Input data Block Start
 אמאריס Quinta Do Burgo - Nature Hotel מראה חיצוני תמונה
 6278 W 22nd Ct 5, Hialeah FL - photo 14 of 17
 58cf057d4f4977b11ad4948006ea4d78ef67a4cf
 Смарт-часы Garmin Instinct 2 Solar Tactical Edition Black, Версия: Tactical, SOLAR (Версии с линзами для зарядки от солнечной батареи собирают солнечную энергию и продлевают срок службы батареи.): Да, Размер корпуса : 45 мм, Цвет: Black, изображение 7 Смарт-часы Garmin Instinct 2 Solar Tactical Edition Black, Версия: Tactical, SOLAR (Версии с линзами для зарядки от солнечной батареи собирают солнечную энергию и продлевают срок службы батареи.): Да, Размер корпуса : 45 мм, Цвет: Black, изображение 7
Input data Block End
Input data Block Start
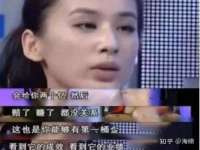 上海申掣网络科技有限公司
Input data Block End
> **Task directions**
Reproduce exactly the section above that begins at the line containing "אמאריס Quinta Do" and ends at the line containing "изображение 7 Смарт-часы", leaving out all other lines.

> **Solved problem**
 אמאריס Quinta Do Burgo - Nature Hotel מראה חיצוני תמונה
 6278 W 22nd Ct 5, Hialeah FL - photo 14 of 17
 58cf057d4f4977b11ad4948006ea4d78ef67a4cf
 Смарт-часы Garmin Instinct 2 Solar Tactical Edition Black, Версия: Tactical, SOLAR (Версии с линзами для зарядки от солнечной батареи собирают солнечную энергию и продлевают срок службы батареи.): Да, Размер корпуса : 45 мм, Цвет: Black, изображение 7 Смарт-часы Garmin Instinct 2 Solar Tactical Edition Black, Версия: Tactical, SOLAR (Версии с линзами для зарядки от солнечной батареи собирают солнечную энергию и продлевают срок службы батареи.): Да, Размер корпуса : 45 мм, Цвет: Black, изображение 7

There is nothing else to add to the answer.